The Mystery of Agency

Eleventh Sunday after Pentecost

2 Samuel 18:5-9, 15, 31-33

In this week’s Old Testament reading, we come to the climax of Absalom’s rebellion against his father, David, and the culmination of David’s own actions as King of Israel. Here we find David’s character – his weaknesses and his strengths – summed up. The story line follows David’s displacement from Jerusalem, the espionage and strategy leading to war against Absalom, and the King’s return. The lectionary highlights David’s disposition toward his son and the seemingly inevitable course of violence.

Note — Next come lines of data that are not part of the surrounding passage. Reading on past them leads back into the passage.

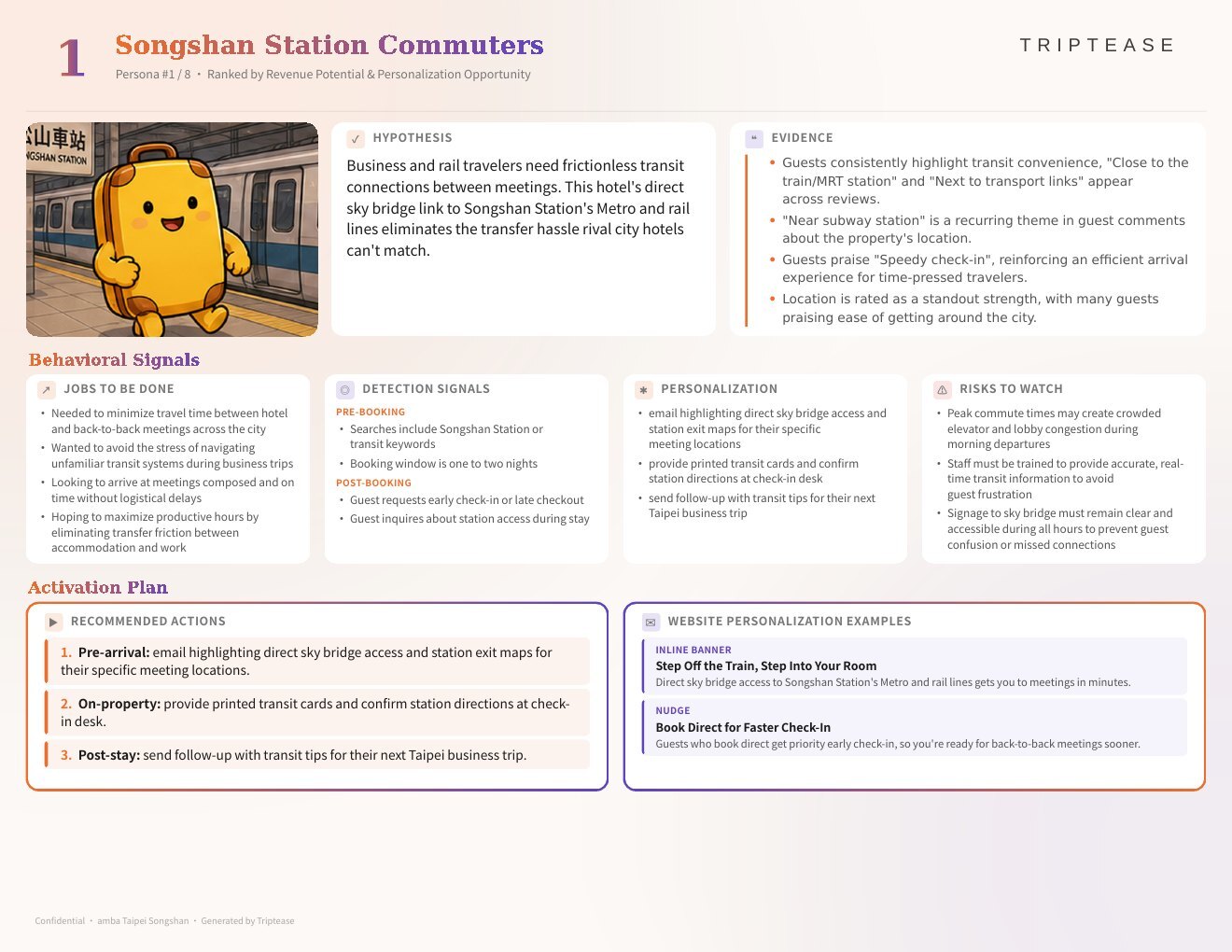 amba Taipei Songshan Guest Personas Report — first persona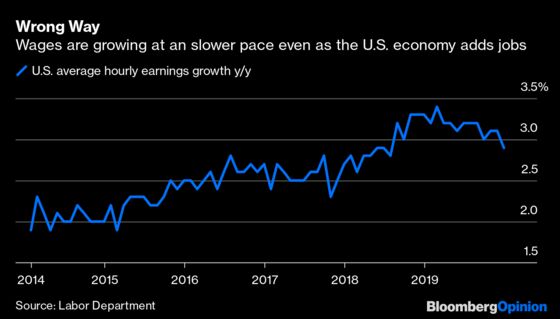 Bond Traders Learn Taco Bell Isn’t a Bellwether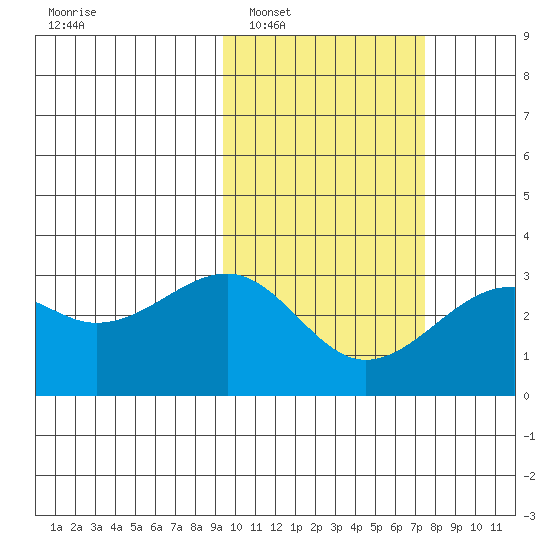 Inanudak Bay tide chart for Monday, February 17, 2025
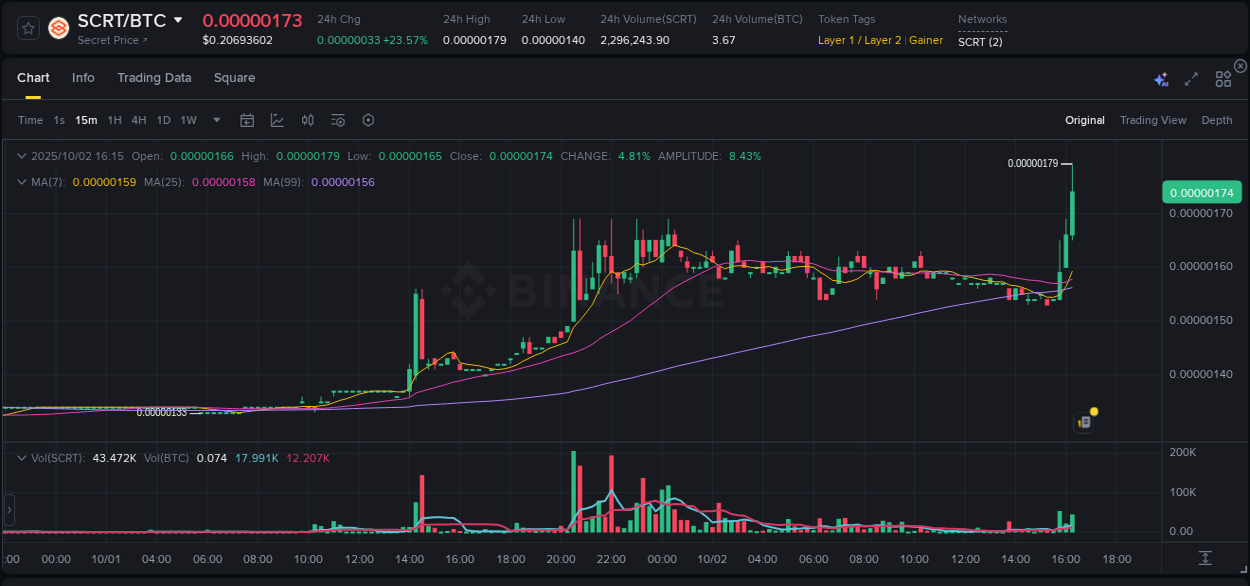 Get trading insights from SCRT pump report on Binance, 02 October 2025, 16:19 Trading data insight: SCRT pump report from Binance, 02 October 2025, 16:19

David’s desire for his son to be spared in the imminent attack upon his forces echoes his willingness for reconciliation following Absalom’s exile upon the killing of Amnon (2 Samuel 13:28-29). There, he joined in the prayer of a woman (a proxy for Joab) that the Lord be invoked so that “the avenger of blood slay no more.” (2 Samuel 14:11) According to the woman, David’s ruling that a man—her alleged son—who killed his own brother during a fight will be protected against vengeance, implied that he should “bring his banished one (Absalom) home again.” David, desiring the reconciliation that only forgiveness can bring, seeks to forgive Absalom.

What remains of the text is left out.